Pearl Werbach Blue Light Press, Nov. 2017 ISBN: 9781421837826
What makes a writer? First, there are the
obvious talents: exceptional capacity for astute observation, artful
employment of writing technique (metaphor, analogy, imagination,)
and unusual, surprising and delightful descriptions. What makes a
great writer? A gift for glimpsing and grappling with the beauty and
terror of living without slipping into cliché, dogma, or diatribe.
Pearl Werbach is an
eleven-year-old poet who has been studying in an after-school poetry
club at Brandeis Day School in San Francisco. As we locals say,
“she’s got the transmission.”
In a first collection Werbach
creates a world that is filled with the joy and wonder you might
expect from a school aged writer, but also allows us a glimpse into
her personal angst that is unexpected from an 11-year-old. Pearl
intuits the dangers that linger just beyond our daily lives while
holding fast to the sublime pleasures of the wind, moon, trees and
insects.
From “The Next Blue Moon”
“The man in the
moon winked at me!/I saw his reflection in the water/Under the shade
of a tree.” In “Prophesy” Werbach writes the poem she
doesn’t want to write.
“The poem I don’t want to write /would be
about war and too many secrets/the birds wouldn’t chirp and there
would be no sweet smell after the rain/education would be as lost as
the minds of violent people/everything and everyone would be
screaming in pain.”
Again, using rhyme and meter, imagery and
analogy, the poet brings us into a world even adults turn from.
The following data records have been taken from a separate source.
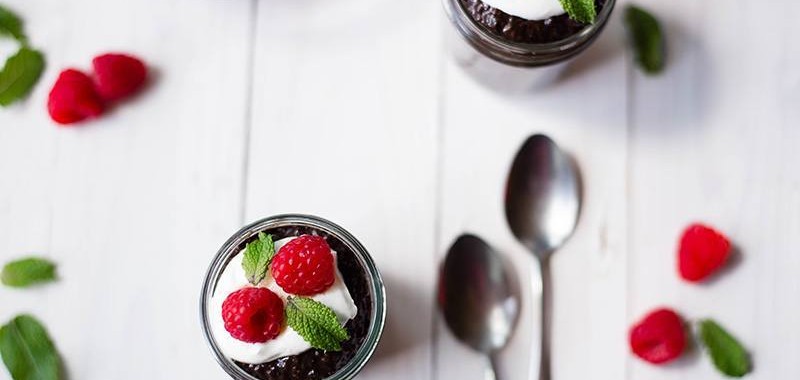 Chocolate Chia Pudding with Raspberries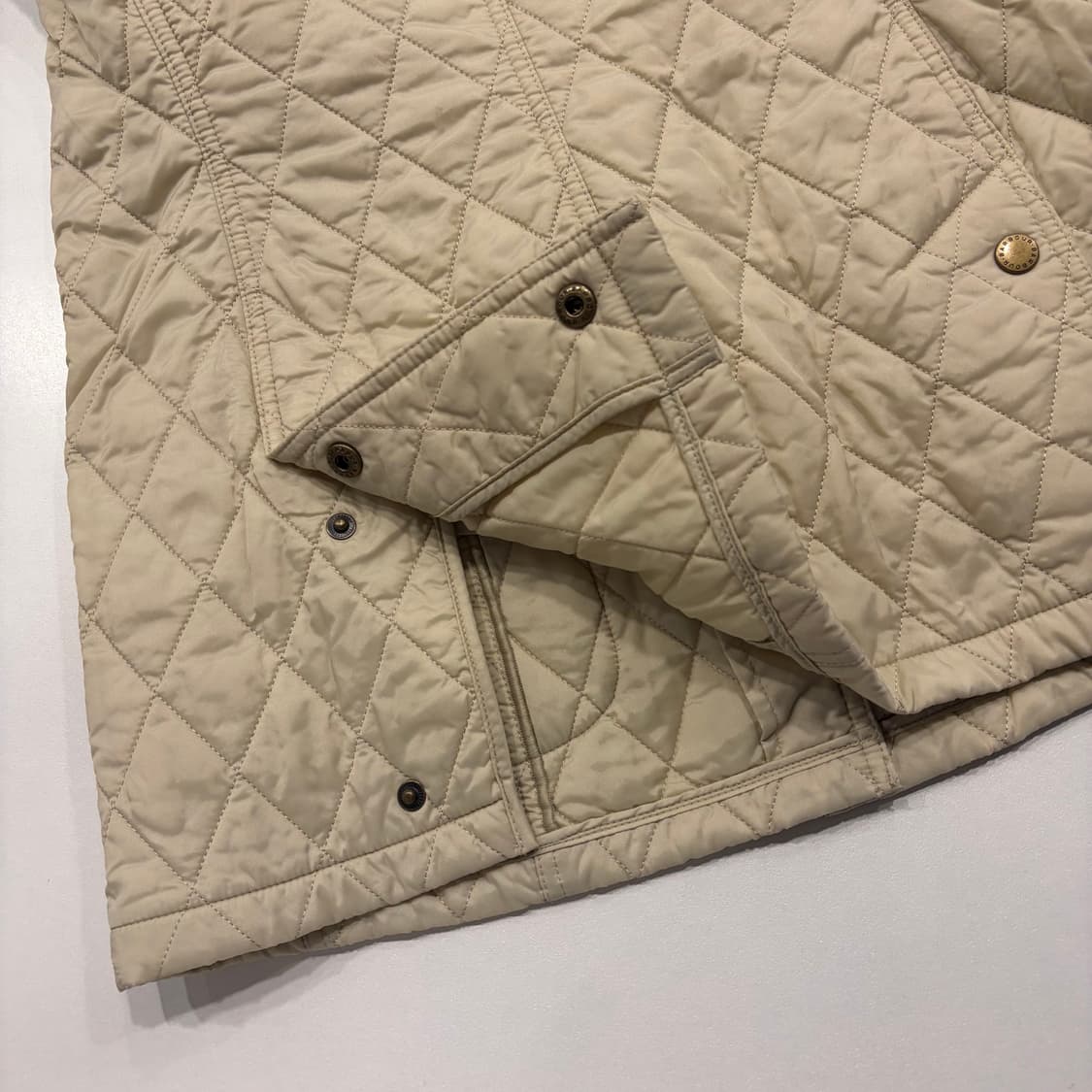 [40] 바버 퀼팅 비드넬 자켓 아이보리 C156 상품이미지9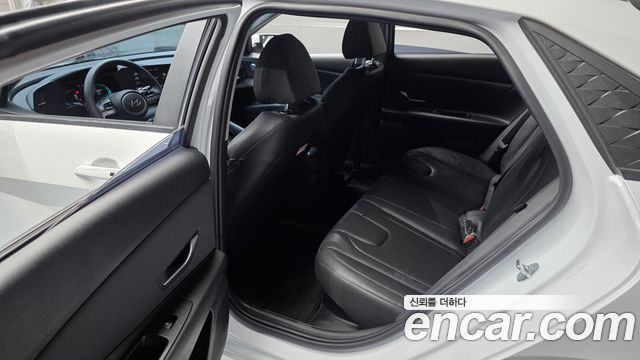 Hyundai AVANTE 2024 — photo 24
“This is also my worst fear/but yesterday, the grass told me/it was
coming true.”
I think it’s safe to assume that Ms.
Werbach, under the tutelage of poet and writer Diane Frank, has had
a master teacher with whom she feels safe to explore ‘her worst
fears.’ What a gift for the young poet, and for the teacher to watch
this poet bloom. Switching gears,
Pearl immerses herself in the joyful: From “Secrets of Animals”
A dragonfly is a colorful, delicate buzz of a set of wings./A
hummingbird is a moving rainbow of music.”